Le palais Tach Khaouli
Résidence des khans de Khiva jusqu’en 1880, ce palais a été bâti pour pour le souverain Alla Kouli Khan. Il est composé de 260 pièces dont certaines sont de pures merveilles.
Le palais comprend trois cours : celle du harem organisé autour d’une cour intérieure bordée d’appartements d’été et d’hiver pour le Khan et ses 4 femmes ; celle du Ichrat Khaouli(ou salle d’audience) et celle de justice où le khan tranchait les litiges.
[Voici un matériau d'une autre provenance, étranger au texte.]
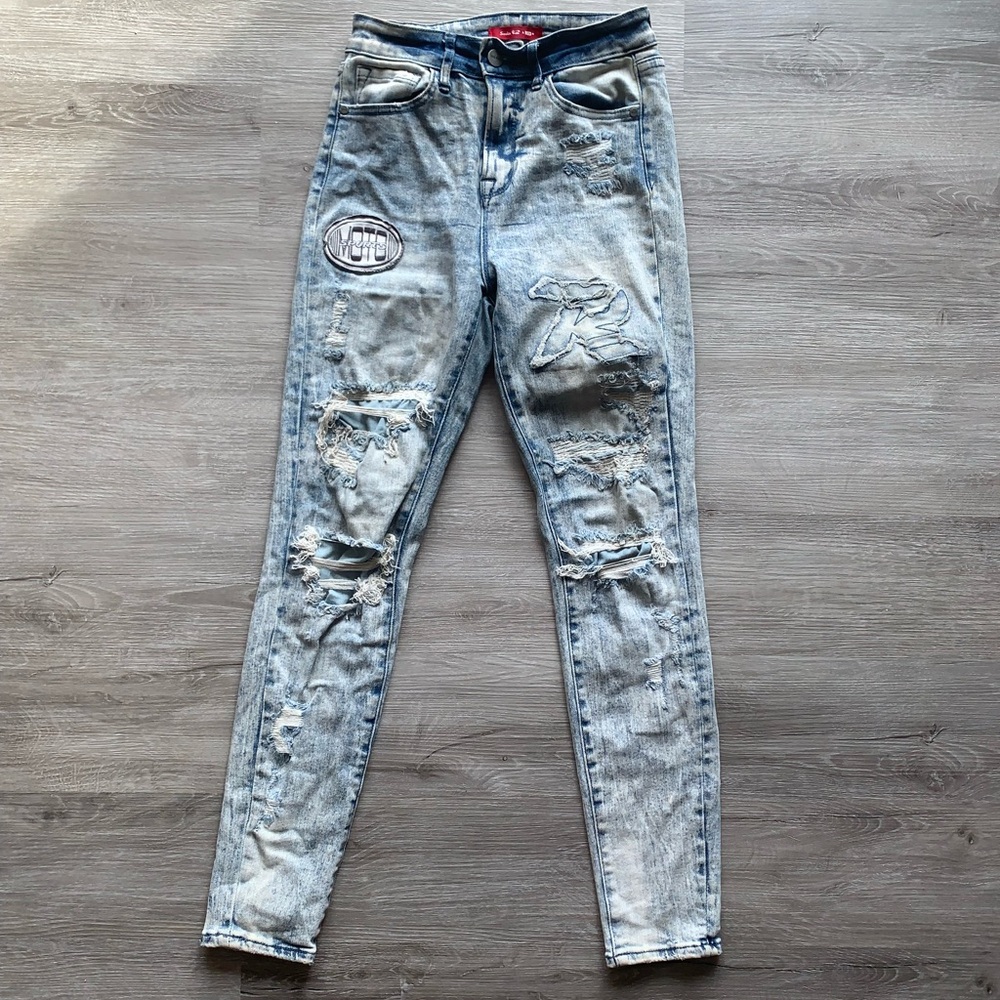 Smoke Rise Women's Slim Skinny Red Janis High Rise Blue Jeans Size 5/26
Les appartements du harem sont tous conçus selon la même architecture : un haut iwan ouvert en direction du nord-ouest, pour l’été et une pièce attenante pour les mois d’hiver. L’ensemble a été décoré de majolique bleue et blanche par le céramiste réputé Abdoullah Djinn qui réalisa aussi le palais de l’Ark. La cour du harem est répartie en cinq iwans tapissés de carreaux de céramique bleue, où vivaient les quatre épouses officielles et le khan. Chaque iwan et supporté par une fine colonne en bois sculpté, posée sur un socle en marbre. Entre le bois et le marbre, un disque de feutre permettait à la colonne de glisser en cas de tremblement de terre. Les servantes, concubines et esclaves vivaient dans la partie nord du harem.
Promenade nocturne : Khiva-là ?
Dans la tiédeur du soir, après avoir dégusté le « plov », plat national très riche (riz, huile de sésame, carottes jaunes, oignons, pois chiches, épices et morceaux de mouton bien gras), une promenade digestive s’impose. C’est le moment où l’on découvre les monuments savamment illuminés. Délivrée de ses chalands, la ville prend une dimension féérique. Les édifices se parent d’une couleur ambrée. On se laisse prendre dans cette ambiance languide qui a fait rêver tant de voyageurs. Demain, nous partirons pour Boukhara . Huit heures de route entre désert du Kyzylkoum (sables noirs) et le fleuve Amou-Daria et ses champs de coton. Repos !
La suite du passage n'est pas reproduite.